→ **Task statement**
Make an exact transcript of the lines in the data below, starting with the one containing "#Threenager Hoodie (MRK X)" and going on through the one containing "YORK, WALMGATE BAR c. 1900 - Postcards", with both included and the pictures left out.
[[ Task data open ]]
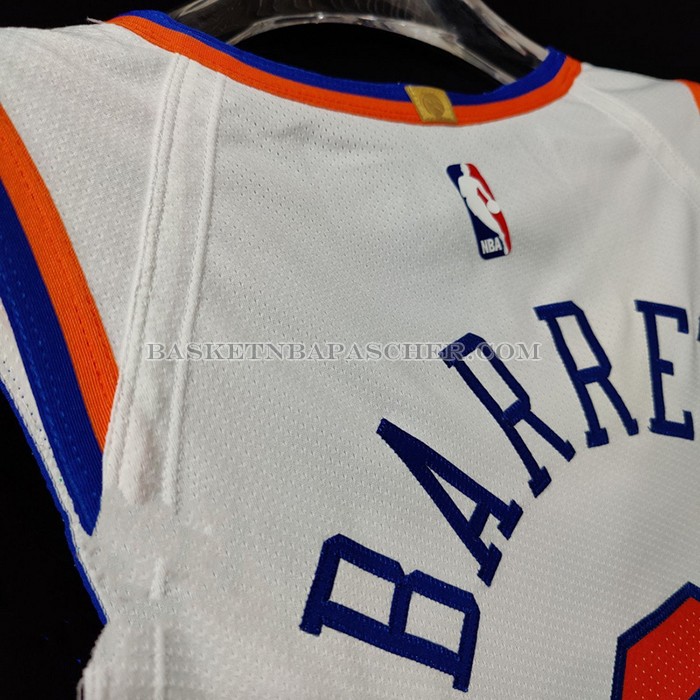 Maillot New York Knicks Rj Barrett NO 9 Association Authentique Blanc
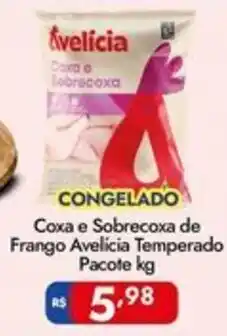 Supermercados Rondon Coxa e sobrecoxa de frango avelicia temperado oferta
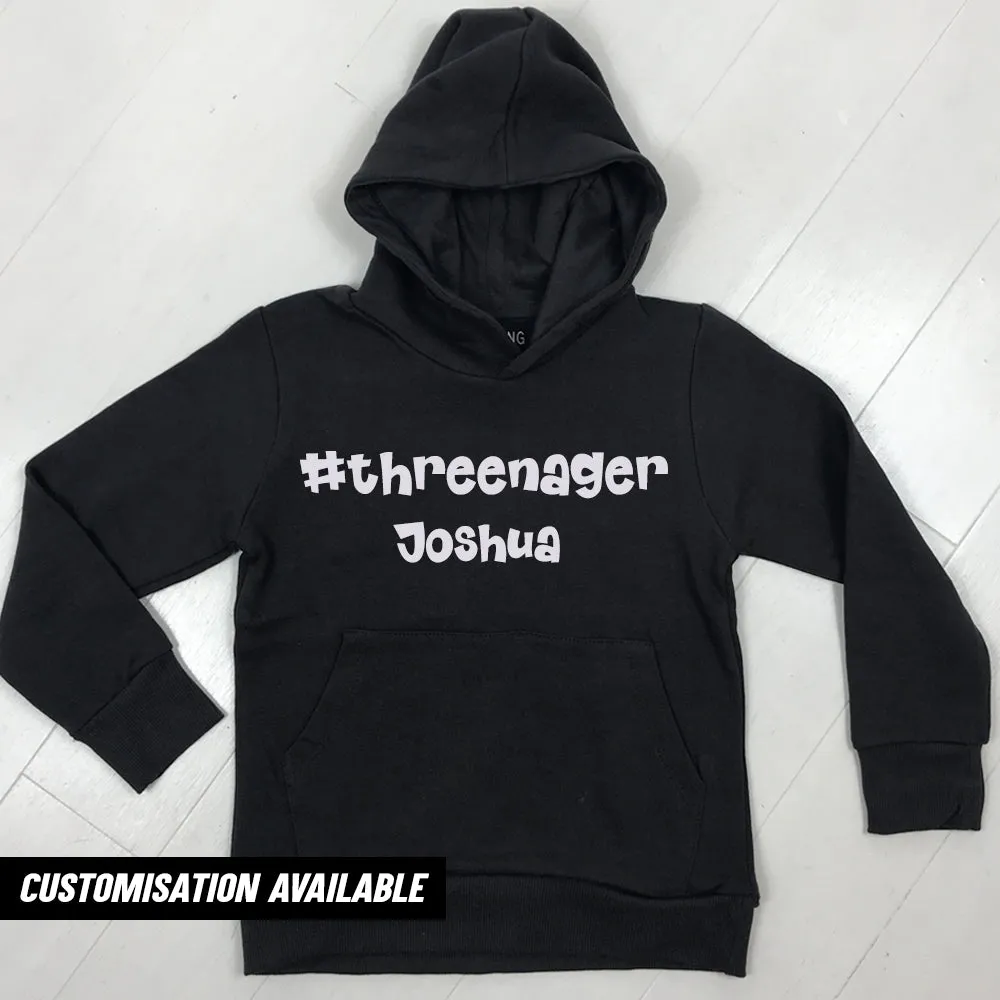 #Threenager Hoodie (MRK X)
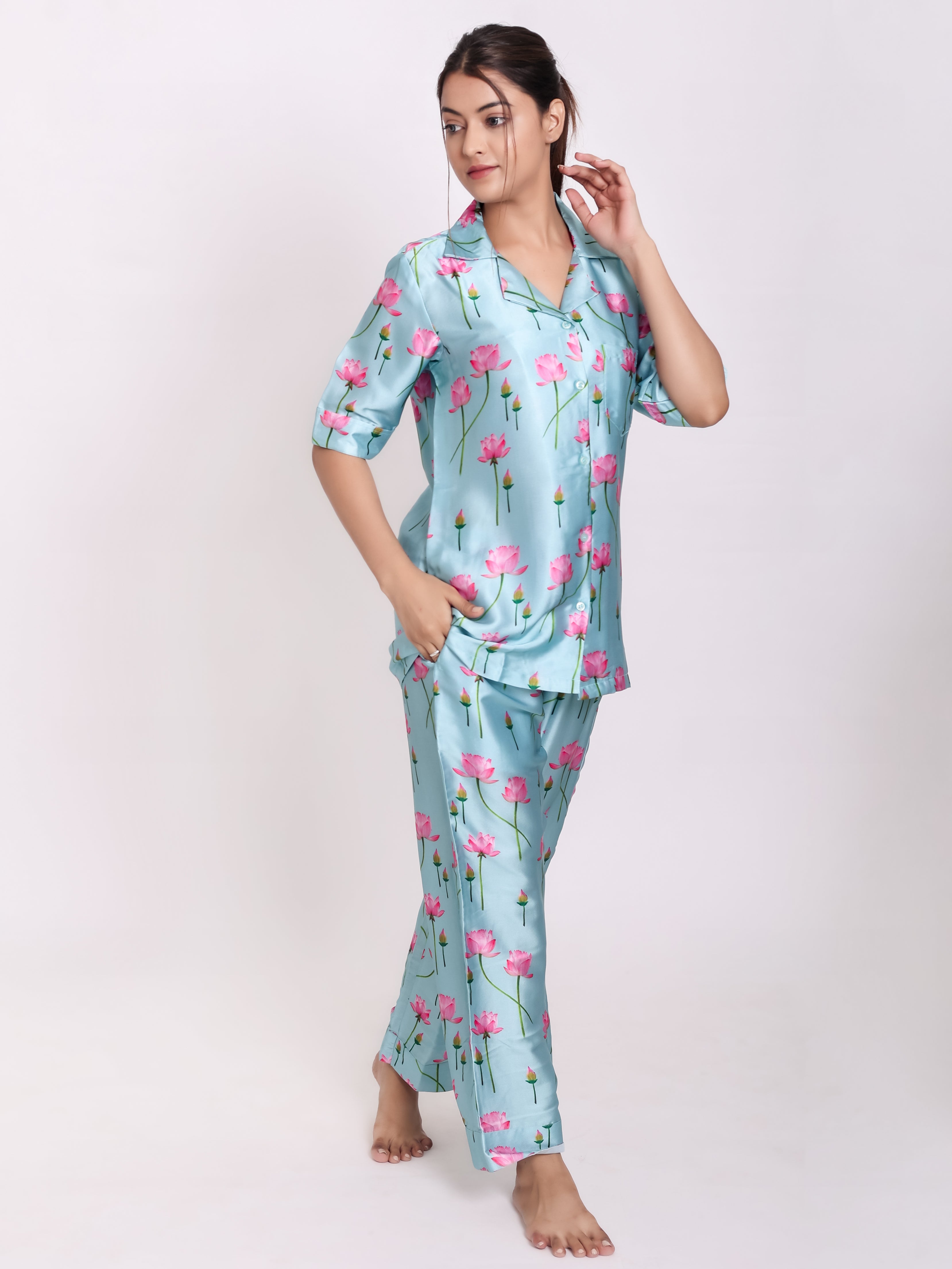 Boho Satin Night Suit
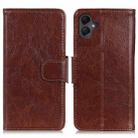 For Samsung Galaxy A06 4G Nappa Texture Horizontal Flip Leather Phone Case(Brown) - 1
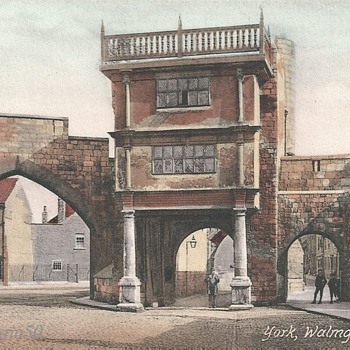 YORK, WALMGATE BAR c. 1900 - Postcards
[[ Task data closed ]]
[[ Task data open ]]
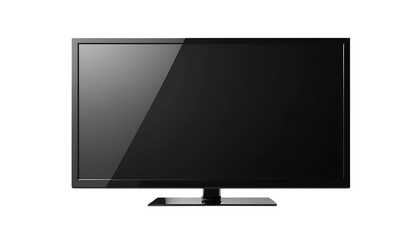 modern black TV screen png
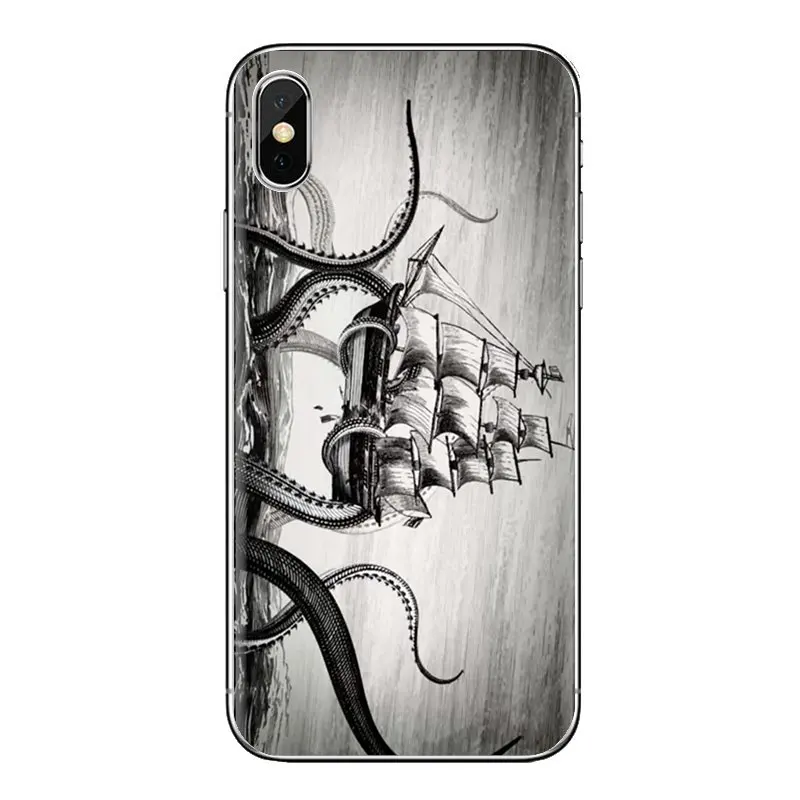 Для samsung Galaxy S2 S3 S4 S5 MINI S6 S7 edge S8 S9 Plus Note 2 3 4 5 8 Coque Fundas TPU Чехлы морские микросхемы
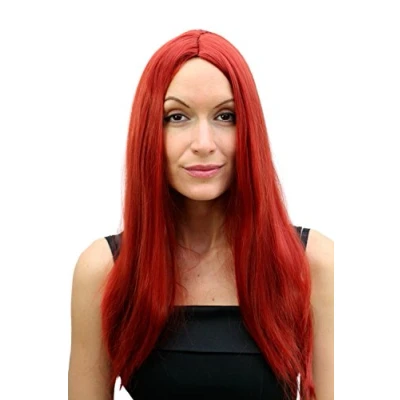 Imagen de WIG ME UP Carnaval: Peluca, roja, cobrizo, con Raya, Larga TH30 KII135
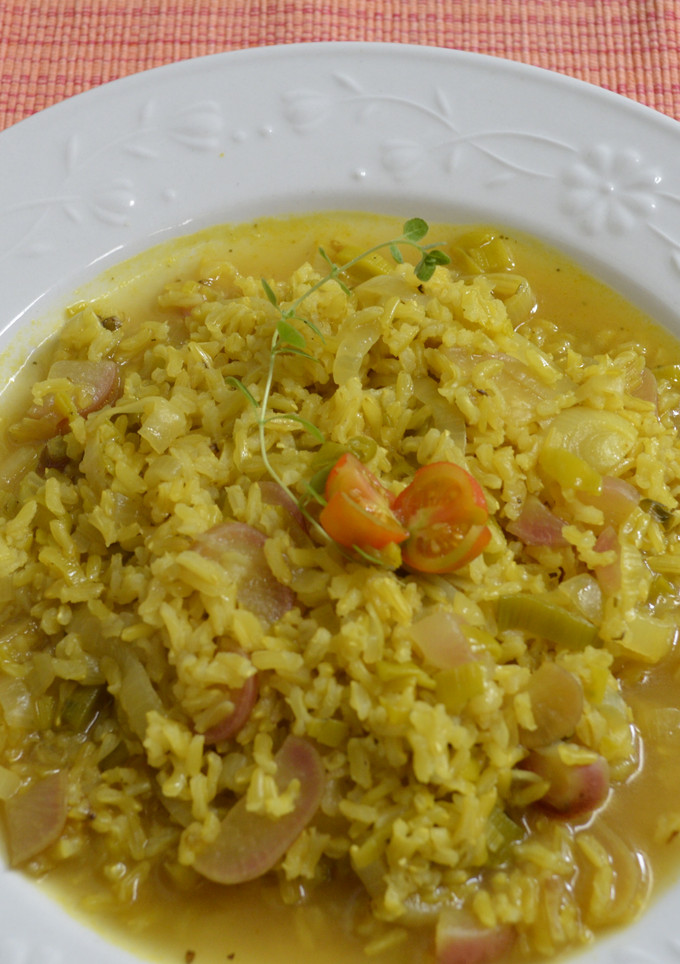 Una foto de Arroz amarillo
[[ Task data closed ]]
→ **Answer box**
 #Threenager Hoodie (MRK X)
 Boho Satin Night Suit
 For Samsung Galaxy A06 4G Nappa Texture Horizontal Flip Leather Phone Case(Brown) - 1
 YORK, WALMGATE BAR c. 1900 - Postcards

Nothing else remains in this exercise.